Perceptual priors are often assumed to represent the brain learning statistical regularities in the environment (e.g. the distribution of contour orientations or object speeds). It remains an open question how well our priors capture these statistics (as measured by head-mounted cameras, etc.) and how much these priors vary between individuals. One issue in resolving this question is the limitations of the mathematical tools used to estimate them. Researchers have either nonparametrically derived priors or define them with parametric functions like a Gaussian or piecewise linear functions. This project had two main goals: 1) to define the accuracy and precision with which we estimate priors (so we can asses how much they vary between people and how well they match stimulus statistics) and 2) adapt existing statistical methods from other fields for use in perceptual science so we are less constrained by the range of possible priors we could faithfully estimate.
Published reports
- Manning TS, Naecker BN, McLean IR, Rokers B, Pillow JW, Cooper EA. (2022) A general framework for inferring Bayesian ideal observer models from psychophysical data. eNeuro. doi: 10.1523/ENEURO.0144-22.2022.

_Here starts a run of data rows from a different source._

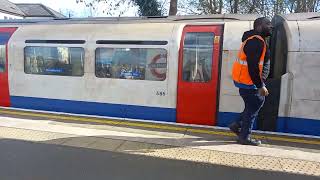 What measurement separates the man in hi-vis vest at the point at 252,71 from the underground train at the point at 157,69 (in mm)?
866

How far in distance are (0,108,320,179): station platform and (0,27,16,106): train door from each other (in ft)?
4.12

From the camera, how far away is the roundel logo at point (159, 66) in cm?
700

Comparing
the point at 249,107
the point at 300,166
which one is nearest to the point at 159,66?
the point at 249,107

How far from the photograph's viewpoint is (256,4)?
65.4 feet

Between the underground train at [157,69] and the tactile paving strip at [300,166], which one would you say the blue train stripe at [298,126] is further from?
the tactile paving strip at [300,166]

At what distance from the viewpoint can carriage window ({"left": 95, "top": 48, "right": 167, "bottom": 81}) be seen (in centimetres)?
705

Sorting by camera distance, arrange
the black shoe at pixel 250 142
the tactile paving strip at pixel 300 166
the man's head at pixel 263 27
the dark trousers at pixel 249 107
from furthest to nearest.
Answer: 1. the black shoe at pixel 250 142
2. the dark trousers at pixel 249 107
3. the man's head at pixel 263 27
4. the tactile paving strip at pixel 300 166

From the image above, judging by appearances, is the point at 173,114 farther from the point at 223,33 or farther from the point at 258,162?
the point at 258,162

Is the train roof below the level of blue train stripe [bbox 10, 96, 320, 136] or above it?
above

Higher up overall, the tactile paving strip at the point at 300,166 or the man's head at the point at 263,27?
the man's head at the point at 263,27

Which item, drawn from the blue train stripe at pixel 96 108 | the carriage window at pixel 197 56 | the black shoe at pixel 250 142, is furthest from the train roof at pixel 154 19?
the black shoe at pixel 250 142

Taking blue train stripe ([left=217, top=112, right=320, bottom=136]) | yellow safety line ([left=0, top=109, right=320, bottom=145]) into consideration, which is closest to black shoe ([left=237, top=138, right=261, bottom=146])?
yellow safety line ([left=0, top=109, right=320, bottom=145])

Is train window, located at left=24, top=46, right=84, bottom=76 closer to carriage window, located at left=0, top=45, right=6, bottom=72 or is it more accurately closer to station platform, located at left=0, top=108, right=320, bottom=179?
carriage window, located at left=0, top=45, right=6, bottom=72

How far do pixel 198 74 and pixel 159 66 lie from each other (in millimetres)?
793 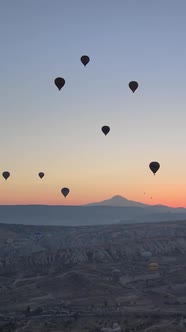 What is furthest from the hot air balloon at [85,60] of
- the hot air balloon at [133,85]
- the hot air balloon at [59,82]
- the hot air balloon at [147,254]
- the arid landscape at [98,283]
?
the hot air balloon at [147,254]

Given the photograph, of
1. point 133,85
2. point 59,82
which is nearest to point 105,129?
point 133,85

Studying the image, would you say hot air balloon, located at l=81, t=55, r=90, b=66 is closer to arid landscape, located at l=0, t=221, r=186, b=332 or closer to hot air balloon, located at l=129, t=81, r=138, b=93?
hot air balloon, located at l=129, t=81, r=138, b=93

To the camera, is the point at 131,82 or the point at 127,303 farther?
the point at 127,303

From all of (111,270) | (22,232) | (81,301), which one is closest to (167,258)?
(111,270)

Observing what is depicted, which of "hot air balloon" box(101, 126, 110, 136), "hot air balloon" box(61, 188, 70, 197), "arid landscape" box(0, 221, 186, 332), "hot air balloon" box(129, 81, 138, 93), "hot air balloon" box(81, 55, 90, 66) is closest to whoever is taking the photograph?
"hot air balloon" box(81, 55, 90, 66)

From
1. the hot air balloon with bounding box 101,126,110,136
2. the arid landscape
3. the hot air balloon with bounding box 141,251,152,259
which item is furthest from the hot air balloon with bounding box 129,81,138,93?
the hot air balloon with bounding box 141,251,152,259

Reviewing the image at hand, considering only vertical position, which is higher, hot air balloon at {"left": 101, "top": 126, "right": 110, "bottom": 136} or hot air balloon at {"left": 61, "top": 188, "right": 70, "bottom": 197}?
hot air balloon at {"left": 101, "top": 126, "right": 110, "bottom": 136}

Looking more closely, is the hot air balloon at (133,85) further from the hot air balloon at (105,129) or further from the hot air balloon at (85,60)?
the hot air balloon at (105,129)

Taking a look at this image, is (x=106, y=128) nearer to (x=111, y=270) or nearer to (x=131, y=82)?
(x=131, y=82) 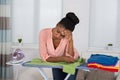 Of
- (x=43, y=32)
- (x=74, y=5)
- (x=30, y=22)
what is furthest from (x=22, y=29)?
(x=43, y=32)

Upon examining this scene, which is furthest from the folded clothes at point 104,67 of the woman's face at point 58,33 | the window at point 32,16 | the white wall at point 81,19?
the window at point 32,16

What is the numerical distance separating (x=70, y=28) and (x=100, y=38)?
2.12 m

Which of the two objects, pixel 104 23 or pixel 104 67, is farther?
pixel 104 23

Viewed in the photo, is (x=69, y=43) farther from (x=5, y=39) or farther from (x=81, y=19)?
(x=5, y=39)

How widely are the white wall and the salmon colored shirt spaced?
6.43 ft

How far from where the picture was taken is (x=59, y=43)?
211 cm

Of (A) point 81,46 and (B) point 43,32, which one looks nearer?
(B) point 43,32

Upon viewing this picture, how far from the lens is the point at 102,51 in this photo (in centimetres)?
395

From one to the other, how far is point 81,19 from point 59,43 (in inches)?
78.7

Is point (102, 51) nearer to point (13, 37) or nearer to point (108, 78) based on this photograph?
point (108, 78)

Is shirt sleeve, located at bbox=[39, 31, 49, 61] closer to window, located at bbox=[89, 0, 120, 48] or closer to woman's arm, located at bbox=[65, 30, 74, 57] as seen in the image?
woman's arm, located at bbox=[65, 30, 74, 57]

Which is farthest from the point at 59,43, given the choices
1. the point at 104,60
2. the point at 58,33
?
the point at 104,60

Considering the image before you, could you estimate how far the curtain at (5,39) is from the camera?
4.04 m

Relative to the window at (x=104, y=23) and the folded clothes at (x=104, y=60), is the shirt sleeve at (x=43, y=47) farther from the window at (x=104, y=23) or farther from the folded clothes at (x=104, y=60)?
the window at (x=104, y=23) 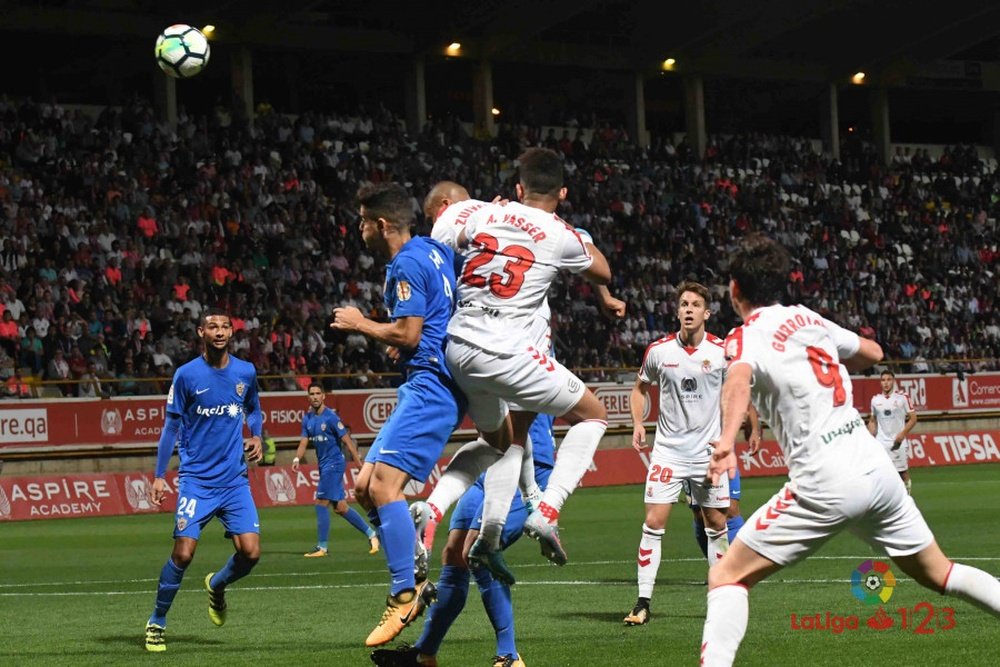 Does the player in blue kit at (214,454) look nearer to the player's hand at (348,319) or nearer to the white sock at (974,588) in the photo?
the player's hand at (348,319)

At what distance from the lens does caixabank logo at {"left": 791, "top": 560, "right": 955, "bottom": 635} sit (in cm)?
1075

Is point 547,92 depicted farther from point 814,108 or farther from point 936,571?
point 936,571

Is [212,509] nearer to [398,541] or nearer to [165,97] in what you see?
[398,541]

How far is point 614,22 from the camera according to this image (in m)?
49.7

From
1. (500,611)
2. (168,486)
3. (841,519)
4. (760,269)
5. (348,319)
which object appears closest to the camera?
(841,519)

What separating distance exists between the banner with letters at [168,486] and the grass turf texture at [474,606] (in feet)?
12.9

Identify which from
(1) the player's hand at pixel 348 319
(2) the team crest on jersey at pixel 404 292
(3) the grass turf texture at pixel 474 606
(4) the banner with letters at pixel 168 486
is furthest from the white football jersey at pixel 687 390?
(4) the banner with letters at pixel 168 486

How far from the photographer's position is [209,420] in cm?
1241

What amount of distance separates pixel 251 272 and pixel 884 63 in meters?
30.5

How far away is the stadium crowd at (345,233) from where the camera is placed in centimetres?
3009

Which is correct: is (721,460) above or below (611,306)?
below

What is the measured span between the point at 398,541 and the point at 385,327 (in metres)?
1.20

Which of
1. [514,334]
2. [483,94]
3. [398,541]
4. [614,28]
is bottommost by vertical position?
Answer: [398,541]

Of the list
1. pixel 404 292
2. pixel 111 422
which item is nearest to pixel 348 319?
pixel 404 292
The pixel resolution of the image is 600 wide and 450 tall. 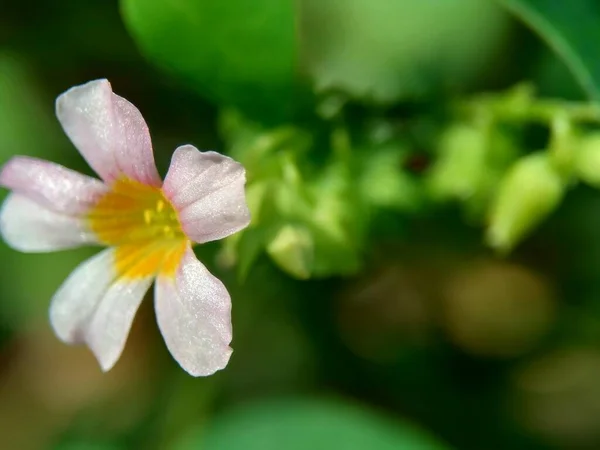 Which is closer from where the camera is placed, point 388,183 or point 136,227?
point 136,227

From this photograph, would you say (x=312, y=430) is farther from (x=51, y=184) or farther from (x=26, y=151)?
(x=26, y=151)

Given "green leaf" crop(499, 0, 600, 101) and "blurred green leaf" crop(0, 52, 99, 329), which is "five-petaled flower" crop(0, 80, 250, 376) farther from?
"blurred green leaf" crop(0, 52, 99, 329)

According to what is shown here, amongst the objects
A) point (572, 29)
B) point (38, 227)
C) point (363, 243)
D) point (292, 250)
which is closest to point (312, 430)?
point (363, 243)

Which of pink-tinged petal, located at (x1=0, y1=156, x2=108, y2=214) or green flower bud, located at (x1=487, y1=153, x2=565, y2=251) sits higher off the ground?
green flower bud, located at (x1=487, y1=153, x2=565, y2=251)

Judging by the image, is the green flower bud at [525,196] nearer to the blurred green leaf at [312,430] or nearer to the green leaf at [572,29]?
the green leaf at [572,29]

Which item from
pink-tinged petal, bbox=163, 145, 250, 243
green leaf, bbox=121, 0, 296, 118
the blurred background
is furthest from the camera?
the blurred background

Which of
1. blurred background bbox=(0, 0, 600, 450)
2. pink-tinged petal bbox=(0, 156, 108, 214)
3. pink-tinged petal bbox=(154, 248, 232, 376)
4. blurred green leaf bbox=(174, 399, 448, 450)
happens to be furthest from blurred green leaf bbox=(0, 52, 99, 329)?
pink-tinged petal bbox=(154, 248, 232, 376)

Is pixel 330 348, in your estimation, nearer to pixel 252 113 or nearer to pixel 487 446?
pixel 487 446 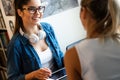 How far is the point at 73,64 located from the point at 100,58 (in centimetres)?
14

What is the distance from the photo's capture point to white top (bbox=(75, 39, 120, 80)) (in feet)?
3.20

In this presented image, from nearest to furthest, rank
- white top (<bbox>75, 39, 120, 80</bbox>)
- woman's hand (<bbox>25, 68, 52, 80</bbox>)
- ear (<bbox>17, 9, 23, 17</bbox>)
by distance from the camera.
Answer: white top (<bbox>75, 39, 120, 80</bbox>), woman's hand (<bbox>25, 68, 52, 80</bbox>), ear (<bbox>17, 9, 23, 17</bbox>)

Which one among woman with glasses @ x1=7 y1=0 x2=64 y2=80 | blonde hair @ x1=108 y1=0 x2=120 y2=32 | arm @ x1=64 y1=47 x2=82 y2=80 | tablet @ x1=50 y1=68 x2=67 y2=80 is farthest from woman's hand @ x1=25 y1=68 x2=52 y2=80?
blonde hair @ x1=108 y1=0 x2=120 y2=32

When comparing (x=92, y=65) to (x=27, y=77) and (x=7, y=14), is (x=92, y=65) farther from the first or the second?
(x=7, y=14)

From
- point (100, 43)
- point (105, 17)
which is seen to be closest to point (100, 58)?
point (100, 43)

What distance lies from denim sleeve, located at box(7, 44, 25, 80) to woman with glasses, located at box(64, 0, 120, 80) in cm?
69

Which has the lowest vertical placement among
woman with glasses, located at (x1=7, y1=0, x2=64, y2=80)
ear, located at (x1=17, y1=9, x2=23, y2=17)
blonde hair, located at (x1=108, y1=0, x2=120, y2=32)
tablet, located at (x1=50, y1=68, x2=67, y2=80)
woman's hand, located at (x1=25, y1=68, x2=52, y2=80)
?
tablet, located at (x1=50, y1=68, x2=67, y2=80)

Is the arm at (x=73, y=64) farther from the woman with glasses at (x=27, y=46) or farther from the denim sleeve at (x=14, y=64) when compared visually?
the denim sleeve at (x=14, y=64)

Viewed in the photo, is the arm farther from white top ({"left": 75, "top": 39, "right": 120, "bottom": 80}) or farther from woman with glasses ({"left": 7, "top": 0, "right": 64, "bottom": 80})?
woman with glasses ({"left": 7, "top": 0, "right": 64, "bottom": 80})

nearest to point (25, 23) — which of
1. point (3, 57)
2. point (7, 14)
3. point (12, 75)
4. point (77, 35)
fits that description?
point (12, 75)

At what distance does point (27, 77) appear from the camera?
62.0 inches

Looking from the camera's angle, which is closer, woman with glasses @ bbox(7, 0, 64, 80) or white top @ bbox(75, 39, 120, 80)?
white top @ bbox(75, 39, 120, 80)

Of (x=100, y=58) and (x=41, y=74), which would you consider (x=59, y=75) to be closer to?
(x=41, y=74)

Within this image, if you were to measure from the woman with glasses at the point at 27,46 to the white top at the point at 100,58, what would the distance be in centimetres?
59
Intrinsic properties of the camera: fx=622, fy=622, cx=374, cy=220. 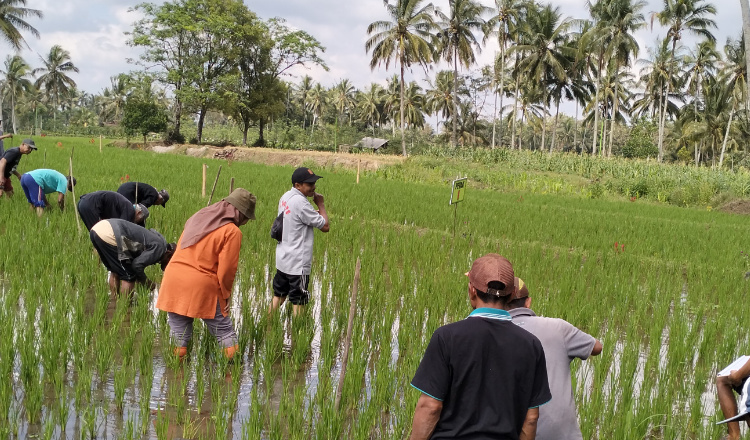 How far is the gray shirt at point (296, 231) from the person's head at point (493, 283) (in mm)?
2672

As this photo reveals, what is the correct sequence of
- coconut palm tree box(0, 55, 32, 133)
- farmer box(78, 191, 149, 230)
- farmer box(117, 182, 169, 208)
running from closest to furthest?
1. farmer box(78, 191, 149, 230)
2. farmer box(117, 182, 169, 208)
3. coconut palm tree box(0, 55, 32, 133)

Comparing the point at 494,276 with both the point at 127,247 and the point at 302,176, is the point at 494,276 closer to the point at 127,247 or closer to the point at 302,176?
the point at 302,176

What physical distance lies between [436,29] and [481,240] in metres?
25.8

- Manning TS, McLean IR, Naecker BN, Pillow JW, Rokers B, Cooper EA. (2021) Estimating perceptual priors with finite experiments. Journal of Vision 21 (9), 2215-2215. doi: 10.1167/jov.21.9.2215.
Extracting heading from retinal images during eye movements
The primate visual system has evolved to be highly sensitive to optic flow cues—complex patterns of motion that arise from an observer moving through the world—to create a vivid percept of self-motion. At the same time, we have also have highly motile eyes that constantly select new aspects of the visual scene on which to focus the high-resolution fovea. These eye movements produce additional motion on the retina that distorts the optic flow patterns arising from locomotion, potentially giving the visual system incorrect information about heading. However, we manage just fine navigating the world, the brain must have a way to extract heading information from these distorted images.
This extraction process could use a forward model of the expected distortions from an impending eye movement (i.e. based on a extraretinal mechanism) or may simply extract heading-related components of the moving image based on differences in motion patterns caused by eye movements and locomotion (i.e. based on a retinal mechanism). We investigated which of these two theories was best supported by recording from heading-sensitive neurons in the macaque monkey brain while the monkeys tracked targets with their eyes that moved in front of an optic flow stimulus.
Published reports
- Manning TS, Britten KH. (2019) Retinal stabilization reveals limited influence of extraretinal signals on heading tuning in the medial superior temporal area. J Neurosci. 39 (41) 8064-8078. doi: 10.1523/JNEUROSCI.0388-19.2019.
- Manning TS. (2019) Neural Mechanisms of Smooth Pursuit Compensation in Heading Perception. University of California, Davis ProQuest Dissertations Publishing. 13882251.